## Try it
Go to the line that contains "適用iPhone17系列 多巴胺透色金屬磁吸手機殼-GOODTOYSTUDIO", then write out that line and all that follow to the end of the listing, exactly and without pictures.

───── Record set

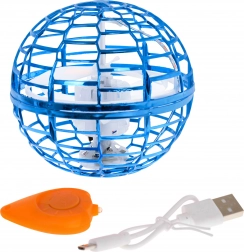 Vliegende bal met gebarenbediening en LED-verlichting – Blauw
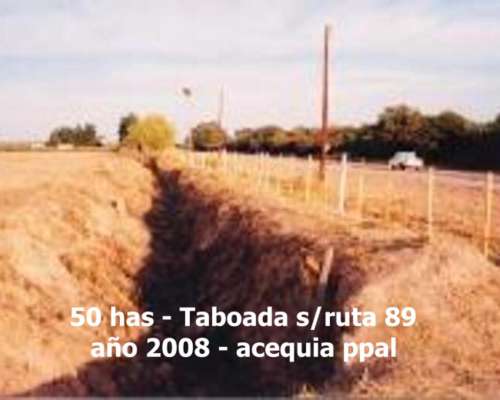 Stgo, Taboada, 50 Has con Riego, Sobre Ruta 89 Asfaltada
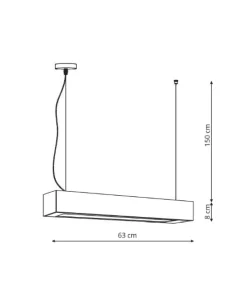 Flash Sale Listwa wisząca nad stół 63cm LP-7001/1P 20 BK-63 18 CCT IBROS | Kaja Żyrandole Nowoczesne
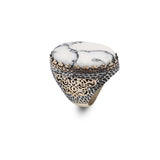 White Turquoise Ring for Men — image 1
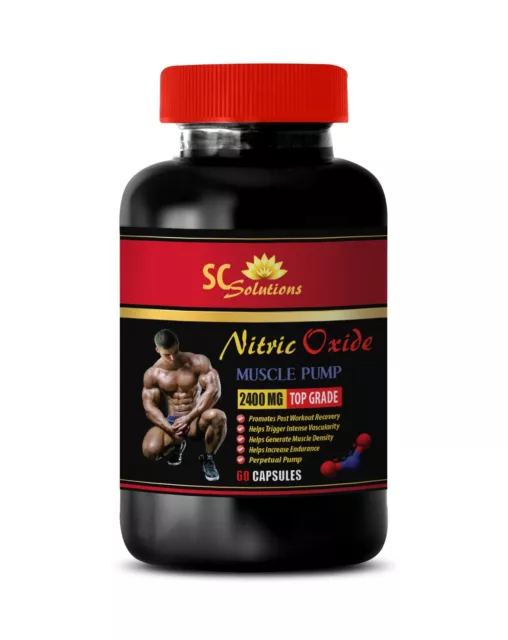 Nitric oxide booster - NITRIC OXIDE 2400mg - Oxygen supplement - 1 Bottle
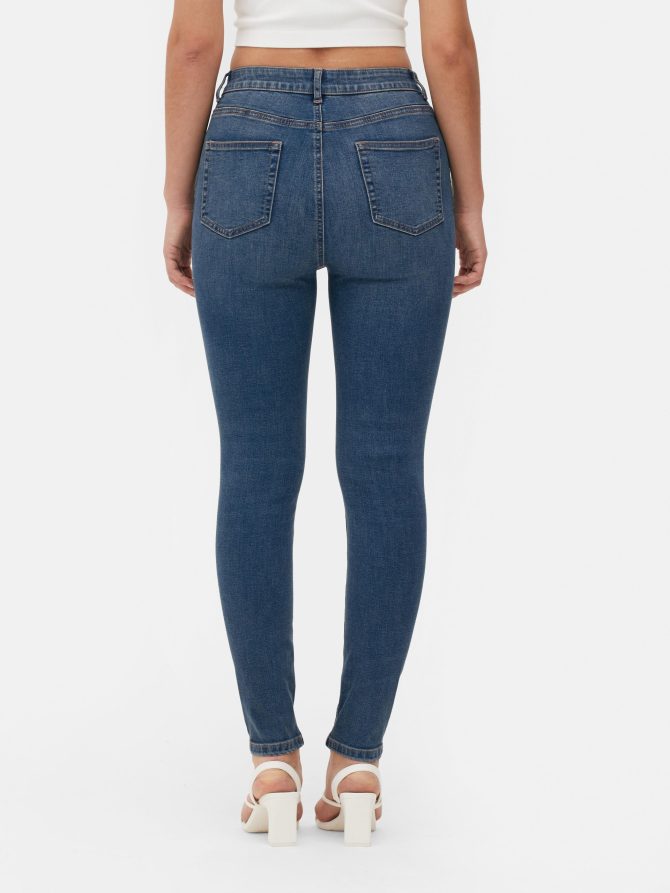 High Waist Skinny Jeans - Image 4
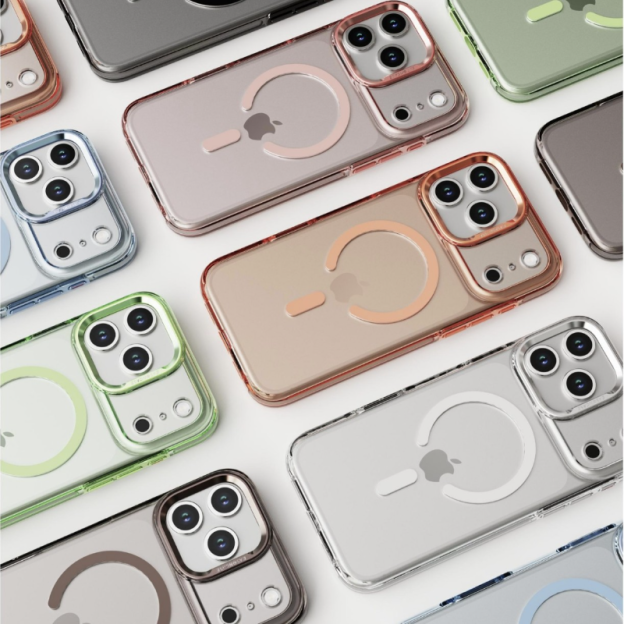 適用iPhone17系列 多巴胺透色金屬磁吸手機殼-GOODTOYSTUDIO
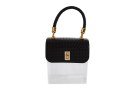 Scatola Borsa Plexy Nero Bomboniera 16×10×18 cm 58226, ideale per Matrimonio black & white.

──────────

## Solved problem
 適用iPhone17系列 多巴胺透色金屬磁吸手機殼-GOODTOYSTUDIO
 Scatola Borsa Plexy Nero Bomboniera 16×10×18 cm 58226, ideale per Matrimonio black & white.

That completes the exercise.